**About this exercise**. Exact copy, no pictures: return only the lines below from the line with "Phyllostachys arcana ´Luteosulcata´ 3" up to and including the line with "Grizzly Siblings Randy".

**Provided records**.

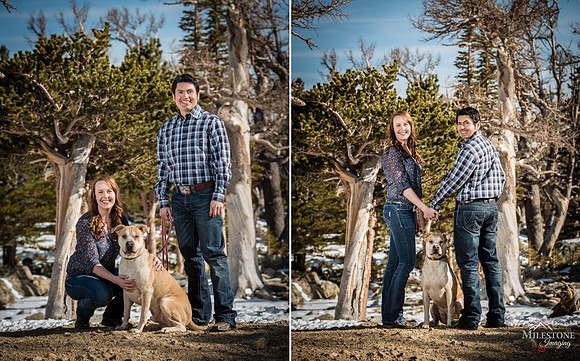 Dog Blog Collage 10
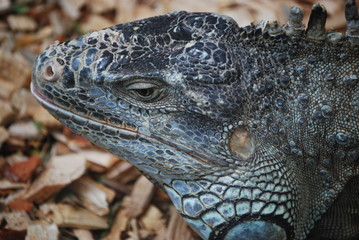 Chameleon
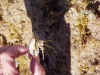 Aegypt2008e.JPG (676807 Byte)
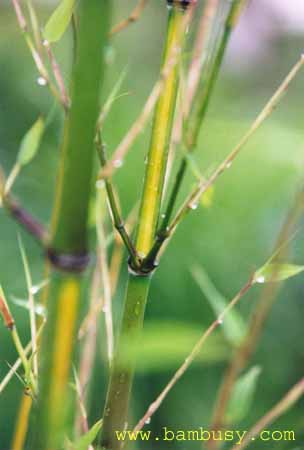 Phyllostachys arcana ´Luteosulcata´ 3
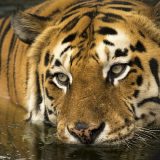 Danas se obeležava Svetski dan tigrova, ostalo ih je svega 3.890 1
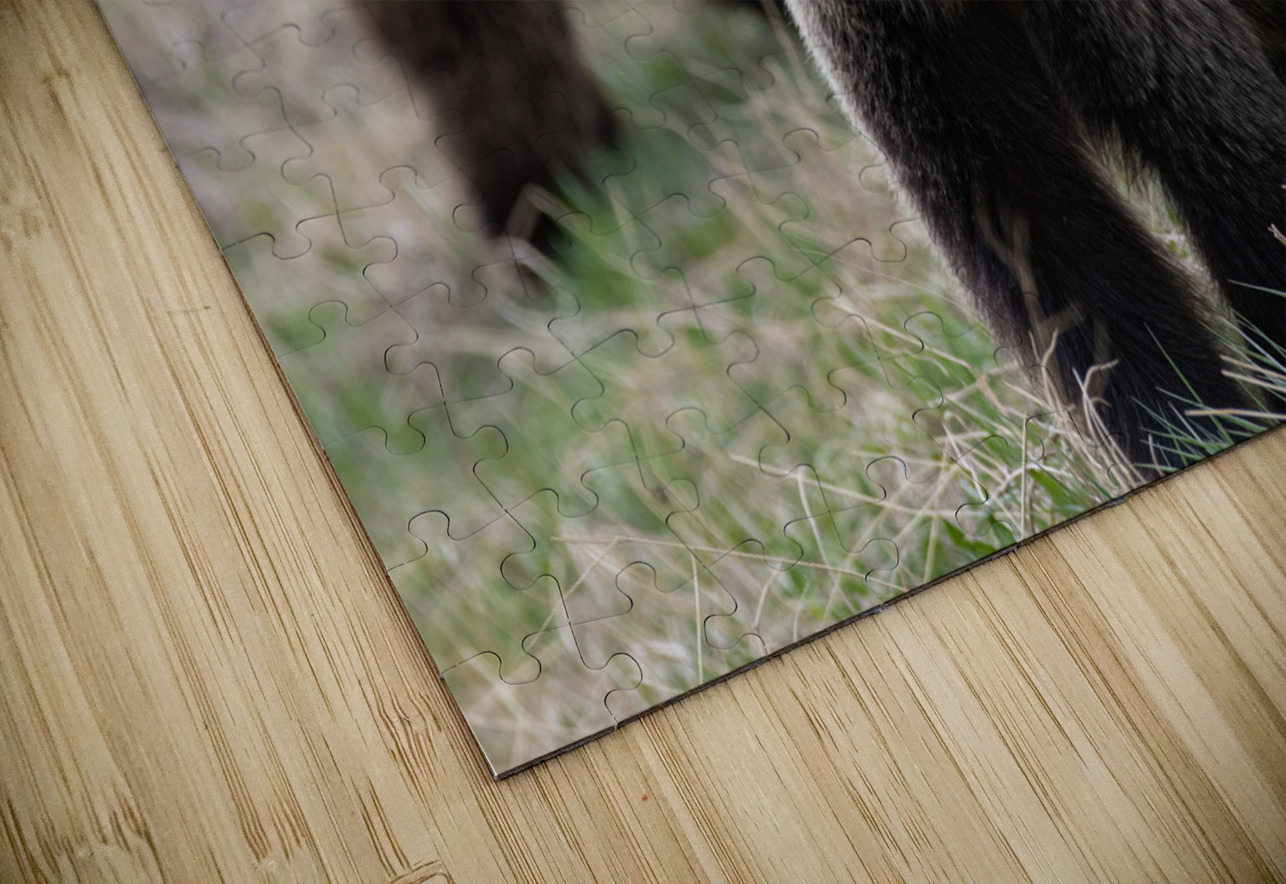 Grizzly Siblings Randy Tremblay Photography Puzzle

...

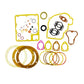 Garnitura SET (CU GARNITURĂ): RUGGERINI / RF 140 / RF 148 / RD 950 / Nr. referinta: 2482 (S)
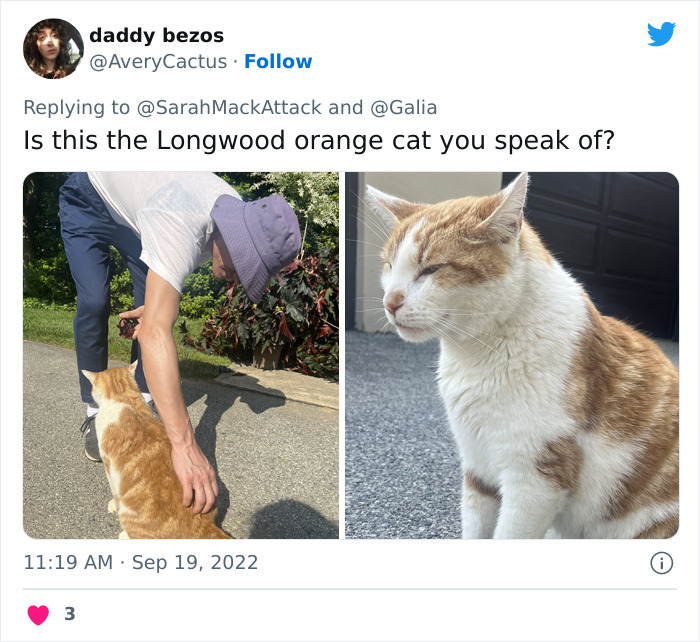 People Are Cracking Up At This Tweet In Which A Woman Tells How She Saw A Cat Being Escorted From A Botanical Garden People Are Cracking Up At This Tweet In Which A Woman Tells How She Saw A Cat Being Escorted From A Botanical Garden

--

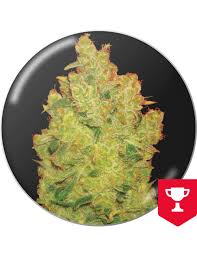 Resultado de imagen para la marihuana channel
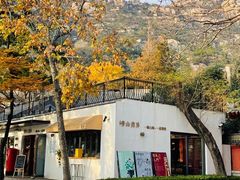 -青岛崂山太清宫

**Expected answer**.
 Phyllostachys arcana ´Luteosulcata´ 3
 Danas se obeležava Svetski dan tigrova, ostalo ih je svega 3.890 1
 Grizzly Siblings Randy Tremblay Photography Puzzle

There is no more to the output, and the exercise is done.